Refugees Speak Out Against Decimation of U.S. Refugee Resettlement Program as "We Are All America" Campaign Launches National Week of Action September 15, 2018
FOR IMMEDIATE RELEASE: September 13, 2018
Stephanie D. Stephens, firstname.lastname@example.org, (503) 849-0569
Refugees Speak Out Against Decimation of the U.S. Refugee Resettlement Program as "We Are All America" Campaign Launches National Week of Action September 15, 2018
Refugees and former refugees speak to the program’s success and call on President Trump to admit at least 75,000 refugees in Fiscal Year 2019.
NATIONWIDE – Hundreds of refugees and former refugees--including Virginia Delegate Kathy Tran and Helena Montana Mayor Wilmot Collins--signed letter to President Trump urging the Administration to lift the refugee admissions cap to at least 75,000 refugees in 2019; We Are All America Campaign announces a national Week of Action to mobilize refugees, asylees and allies in support of refugees and refugee resettlement. A recording of the September 13, 2019 press call is available here.

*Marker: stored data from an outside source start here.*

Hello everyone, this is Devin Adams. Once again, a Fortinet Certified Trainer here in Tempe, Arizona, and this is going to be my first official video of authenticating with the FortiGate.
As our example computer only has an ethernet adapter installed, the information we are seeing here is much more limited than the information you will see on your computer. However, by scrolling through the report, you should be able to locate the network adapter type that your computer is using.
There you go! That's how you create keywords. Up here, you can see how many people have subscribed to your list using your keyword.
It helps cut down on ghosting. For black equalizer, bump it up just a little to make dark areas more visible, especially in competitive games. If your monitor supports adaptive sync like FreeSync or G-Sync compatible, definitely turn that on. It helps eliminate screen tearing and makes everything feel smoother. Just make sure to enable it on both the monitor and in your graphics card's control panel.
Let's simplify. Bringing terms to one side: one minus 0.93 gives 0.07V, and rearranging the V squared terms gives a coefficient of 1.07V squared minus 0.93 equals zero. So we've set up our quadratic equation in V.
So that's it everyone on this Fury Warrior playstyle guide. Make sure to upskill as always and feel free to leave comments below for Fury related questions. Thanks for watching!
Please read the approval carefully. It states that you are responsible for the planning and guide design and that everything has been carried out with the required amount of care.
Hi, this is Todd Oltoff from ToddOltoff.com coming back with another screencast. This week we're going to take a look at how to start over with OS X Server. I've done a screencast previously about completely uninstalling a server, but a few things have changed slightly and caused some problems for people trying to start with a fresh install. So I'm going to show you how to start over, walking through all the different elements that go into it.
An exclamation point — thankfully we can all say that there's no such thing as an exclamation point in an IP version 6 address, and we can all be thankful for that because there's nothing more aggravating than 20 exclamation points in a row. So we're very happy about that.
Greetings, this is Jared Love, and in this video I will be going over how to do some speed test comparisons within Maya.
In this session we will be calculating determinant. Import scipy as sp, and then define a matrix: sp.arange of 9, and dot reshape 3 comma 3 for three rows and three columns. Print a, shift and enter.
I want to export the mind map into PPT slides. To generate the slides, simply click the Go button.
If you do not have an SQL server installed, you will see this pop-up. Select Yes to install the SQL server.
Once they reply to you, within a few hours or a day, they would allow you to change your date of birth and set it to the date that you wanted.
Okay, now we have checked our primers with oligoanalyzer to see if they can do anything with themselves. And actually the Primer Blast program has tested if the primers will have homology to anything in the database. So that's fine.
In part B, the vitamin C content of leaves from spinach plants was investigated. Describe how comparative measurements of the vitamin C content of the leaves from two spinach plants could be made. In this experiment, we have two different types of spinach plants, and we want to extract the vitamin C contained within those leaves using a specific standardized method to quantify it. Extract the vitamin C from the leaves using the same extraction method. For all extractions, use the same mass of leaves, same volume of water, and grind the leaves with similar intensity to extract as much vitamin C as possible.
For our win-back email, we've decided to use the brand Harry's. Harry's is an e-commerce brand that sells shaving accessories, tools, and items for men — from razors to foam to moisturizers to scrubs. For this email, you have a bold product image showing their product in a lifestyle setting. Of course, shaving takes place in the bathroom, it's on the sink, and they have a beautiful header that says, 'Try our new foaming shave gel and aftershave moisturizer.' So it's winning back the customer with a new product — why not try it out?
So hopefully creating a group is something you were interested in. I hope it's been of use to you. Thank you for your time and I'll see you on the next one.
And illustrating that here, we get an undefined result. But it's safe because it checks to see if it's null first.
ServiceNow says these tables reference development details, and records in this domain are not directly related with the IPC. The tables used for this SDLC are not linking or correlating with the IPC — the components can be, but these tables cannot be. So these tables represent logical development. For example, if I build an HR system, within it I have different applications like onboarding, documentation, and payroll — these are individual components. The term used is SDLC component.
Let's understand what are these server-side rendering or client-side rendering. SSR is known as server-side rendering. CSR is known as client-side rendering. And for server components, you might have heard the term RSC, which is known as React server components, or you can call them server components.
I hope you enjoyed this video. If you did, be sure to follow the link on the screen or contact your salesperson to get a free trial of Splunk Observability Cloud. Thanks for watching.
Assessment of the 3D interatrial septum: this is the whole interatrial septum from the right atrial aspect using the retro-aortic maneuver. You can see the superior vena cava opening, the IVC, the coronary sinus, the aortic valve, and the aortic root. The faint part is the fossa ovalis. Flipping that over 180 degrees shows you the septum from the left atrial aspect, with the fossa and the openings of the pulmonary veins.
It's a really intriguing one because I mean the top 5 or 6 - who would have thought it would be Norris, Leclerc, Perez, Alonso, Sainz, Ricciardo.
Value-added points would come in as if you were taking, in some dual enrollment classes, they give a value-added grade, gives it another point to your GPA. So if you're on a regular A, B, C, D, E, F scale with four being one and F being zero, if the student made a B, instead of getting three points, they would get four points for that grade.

Events will take place in states throughout the U.S. including: Arizona, Arkansas, California, Colorado, Delaware, Florida, Georgia, Illinois, Iowa, Minnesota, Missouri, Montana, New York, Ohio, Oregon, Rhode Island, Tennessee, Texas, Utah, Virginia, Washington, Washington, DC, Wisconsin. Additional information is available here.
To speak with affected individuals, communities, or advocates in specific regions, please contact Stephanie Stephens (email@example.com).
Kathy Tran, Virginia Delegate and former refugee from Vietnam, said, “During my campaign in 2017, one voter said to me, I like you and I support you. But I’m not sure our community will vote for you – you’re a former refugee, you’re a mom of young kids. But, it turns out, that he was wrong. As I spoke to thousands of neighbors in my community in northern Virginia, they told me about their parents who came as refugees, about their grandparents, about their friends. They told me about their military service in Vietnam, their tours as foreign service officers, and how their churches helped resettle refugees. They told me that we need to continue welcoming refugees and immigrants. These conversations affirmed that the values of hope, opportunity, and freedom are the foundation of our democracy. And what you see in my community – and communities across this country, from Montana to New Hampshire – is that Americans from all backgrounds understand that refugees strengthen our economic, social, and cultural fabric. And they’re voting for former refugees to represent them … Today, I am proud to stand with refugees and former refugees, including elected officials, business owners, workers, faith and community leaders, mothers and fathers -- new Americans -- in signing a letter to President Trump urgently requesting him to lift the refugee admissions cap to at least 75,000 refugees in 2019.”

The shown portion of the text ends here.